• **THE PROBLEM**
Leave the pictures out and quote only the lines from the one with "a room with" down to the end of the listing below.

• **DATA EXTRACT**
=== Begin Enclosure ===

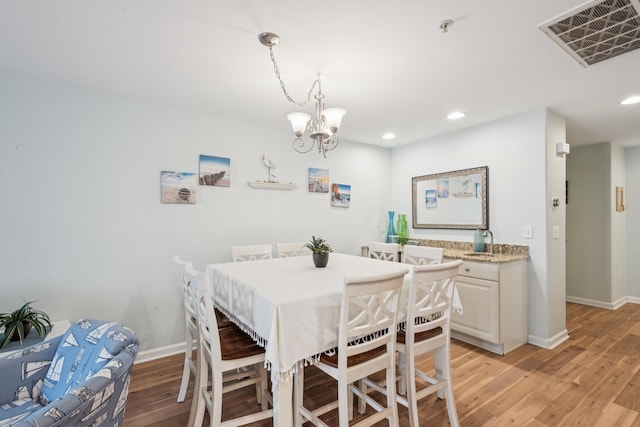 410 E Orchid Rd Unit 202, Wildwood Crest, NJ 08260 - dining area with light wood-type flooring, recessed lighting, and a chandelier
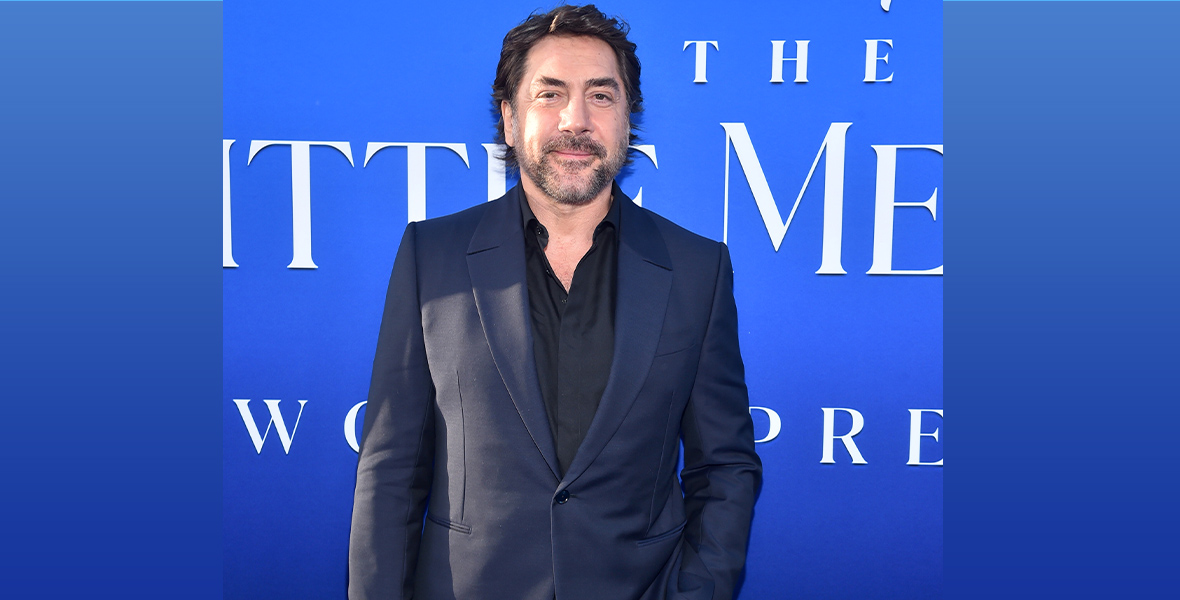 Javier Bardem stands in front of the blue step and repeat for the 2023 live action reimagining of The Little Mermaid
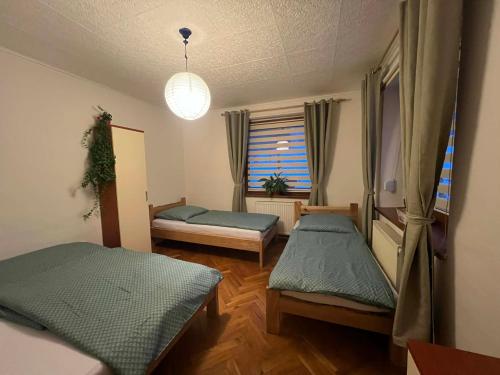 a room with two beds and a window at Apartmán Renata in Rudník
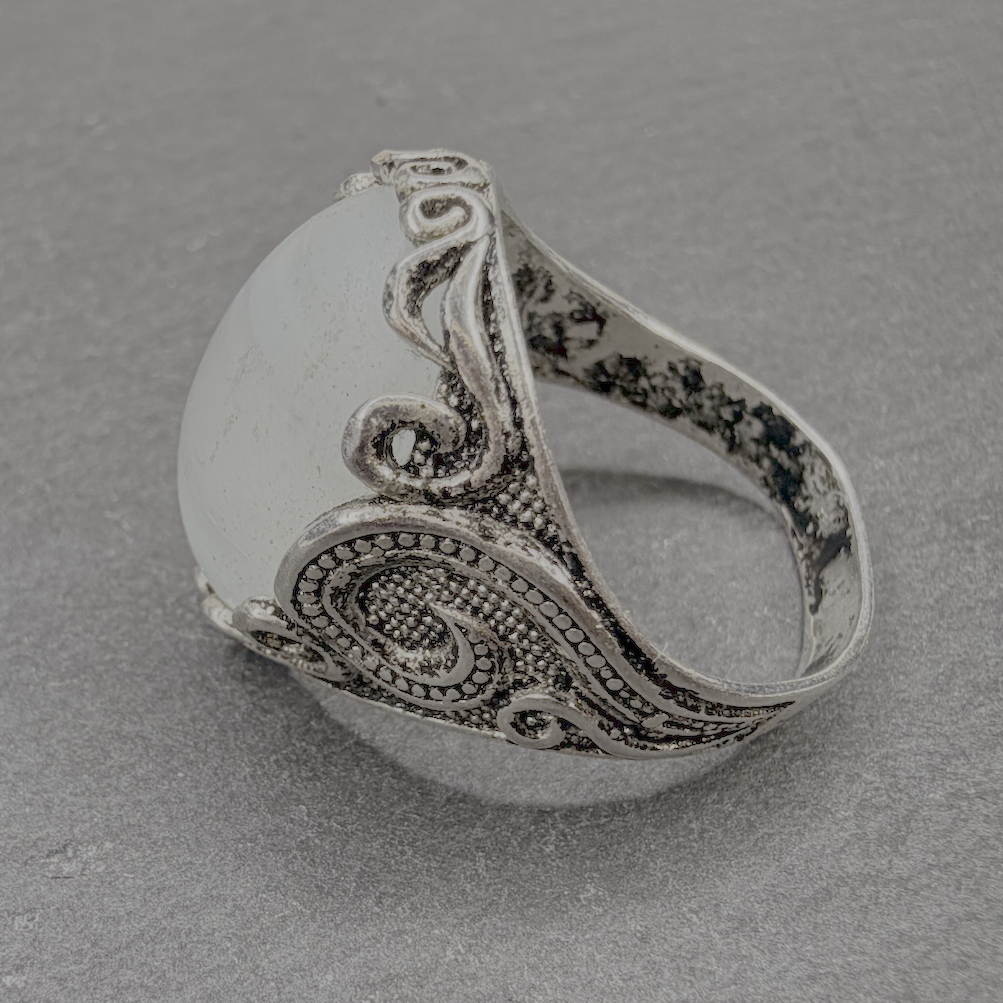 A silver-toned ring with an ornate paisley filigree design on a textured gray background.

=== End Enclosure ===

• **EXERCISE ANSWER**
 a room with two beds and a window at Apartmán Renata in Rudník
 A silver-toned ring with an ornate paisley filigree design on a textured gray background.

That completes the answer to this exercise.